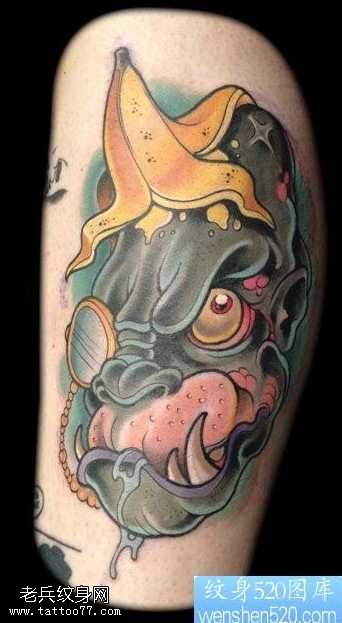 导向一张欧美搞怪纹身图案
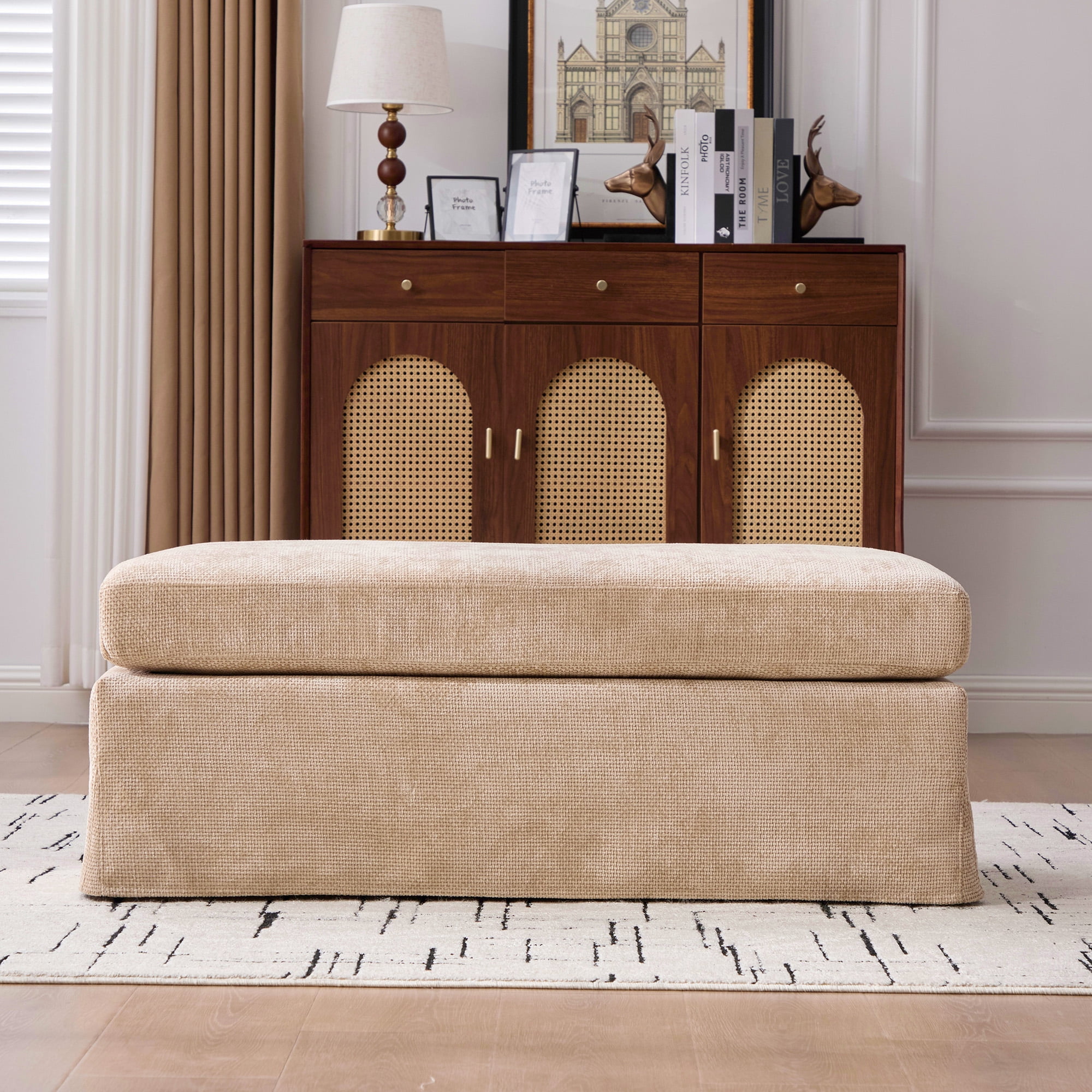 43.7" Wide Wheat Chenille Ottoman Square Foot Stool with Black Metal Legs, Removable Cushion Cover & Tray, 500LB Capacity for Living Room Bedroom Entryway Office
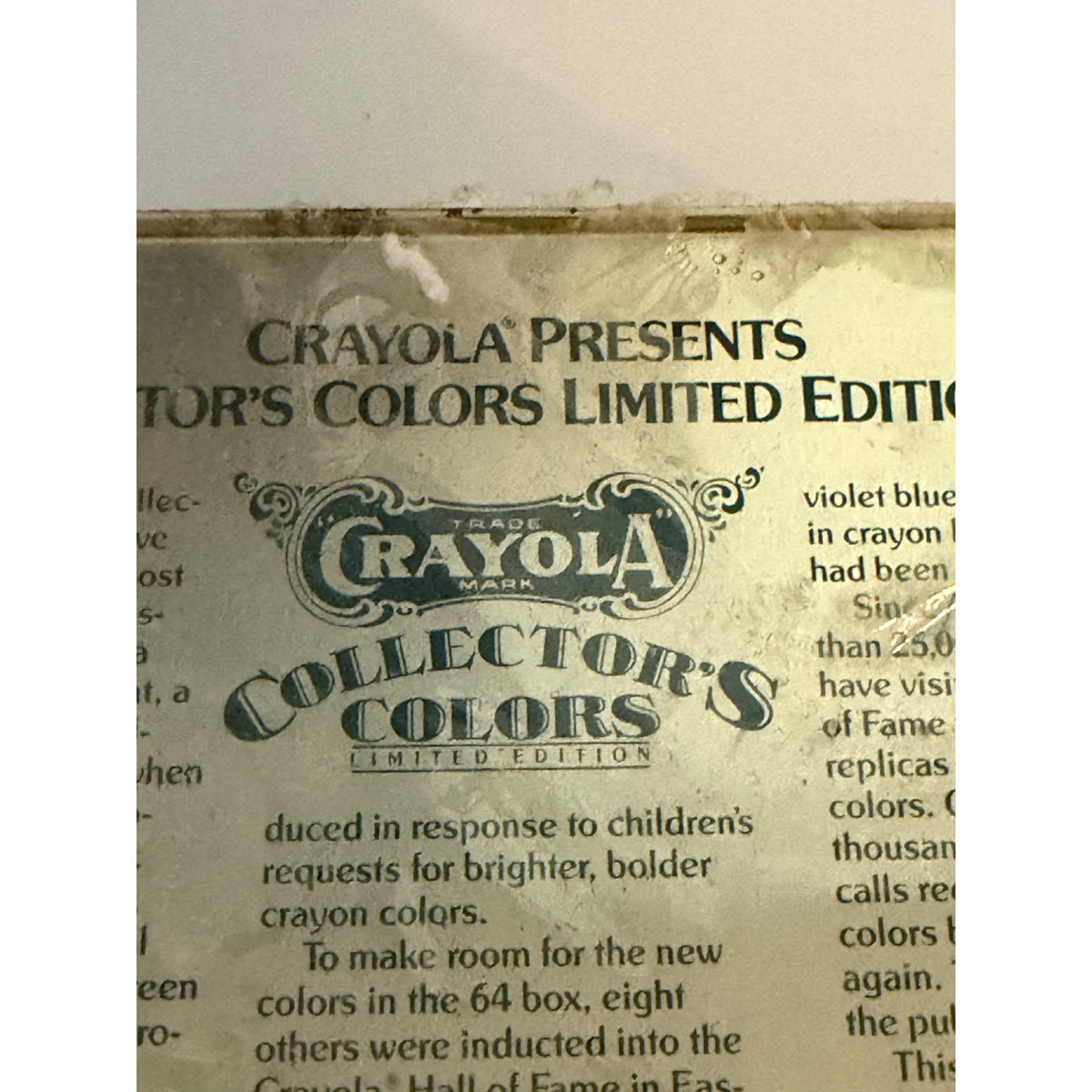1991 Crayola Collector’s Colors Limited Edition Tin 72 Crayons NOS Sealed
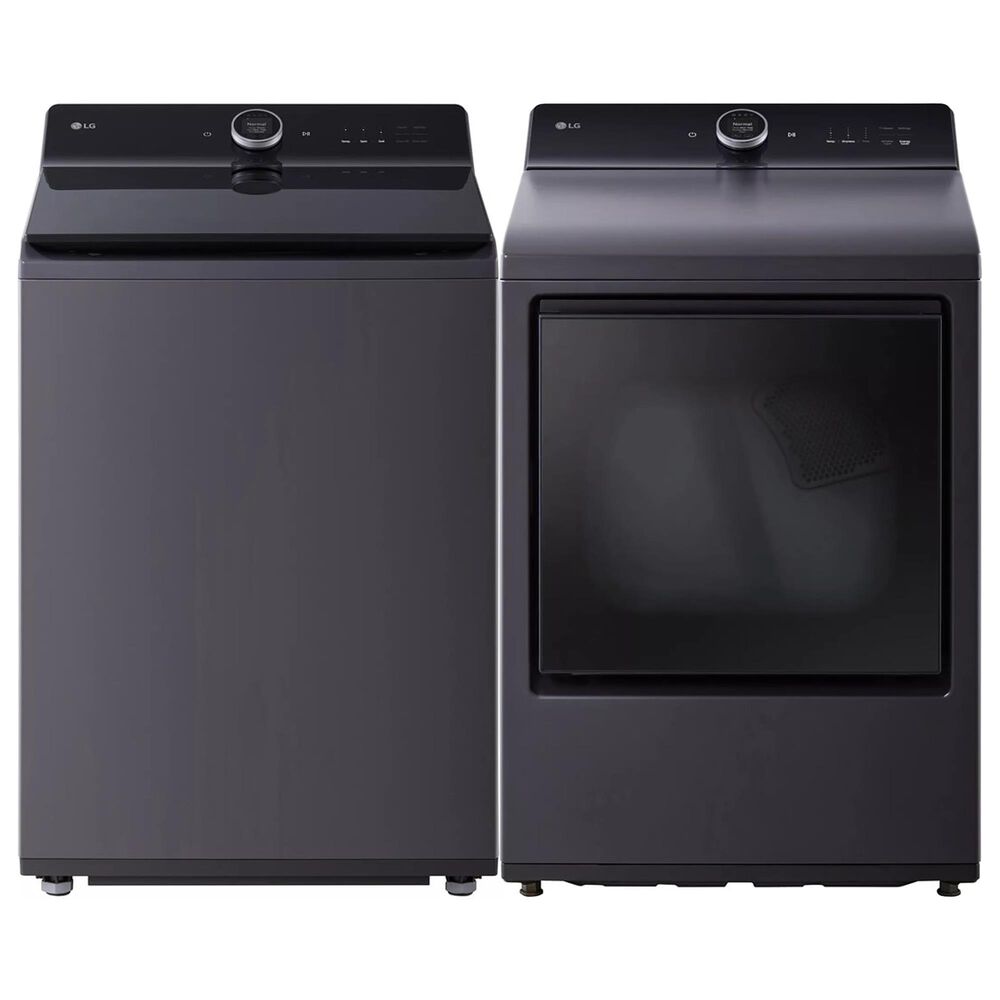 LG 5.5 Cu. Ft. Top Load Washer and 7.3 Cu. Ft. Electric Dryer with TurboSteam in Matte Black, , large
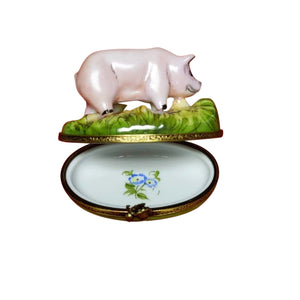Pig with Lettuce Limoges Box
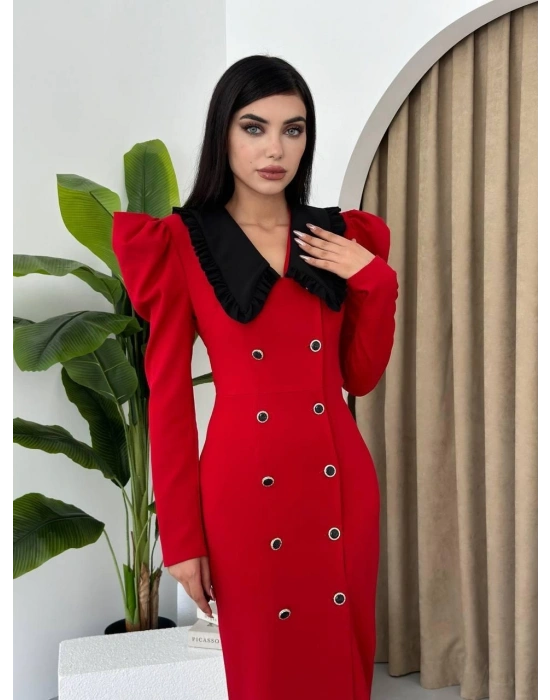 Palmas Geniş Yakalı Elbise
□ □ □ □
Instructions for the copy: start at the first entry, stop after the line containing "1991 Crayola Collector’s", keep every line exact, and drop the pictures.

Response to the task:
 导向一张欧美搞怪纹身图案
 43.7" Wide Wheat Chenille Ottoman Square Foot Stool with Black Metal Legs, Removable Cushion Cover & Tray, 500LB Capacity for Living Room Bedroom Entryway Office
1991 Crayola Collector’s Colors Limited Edition Tin 72 Crayons NOS Sealed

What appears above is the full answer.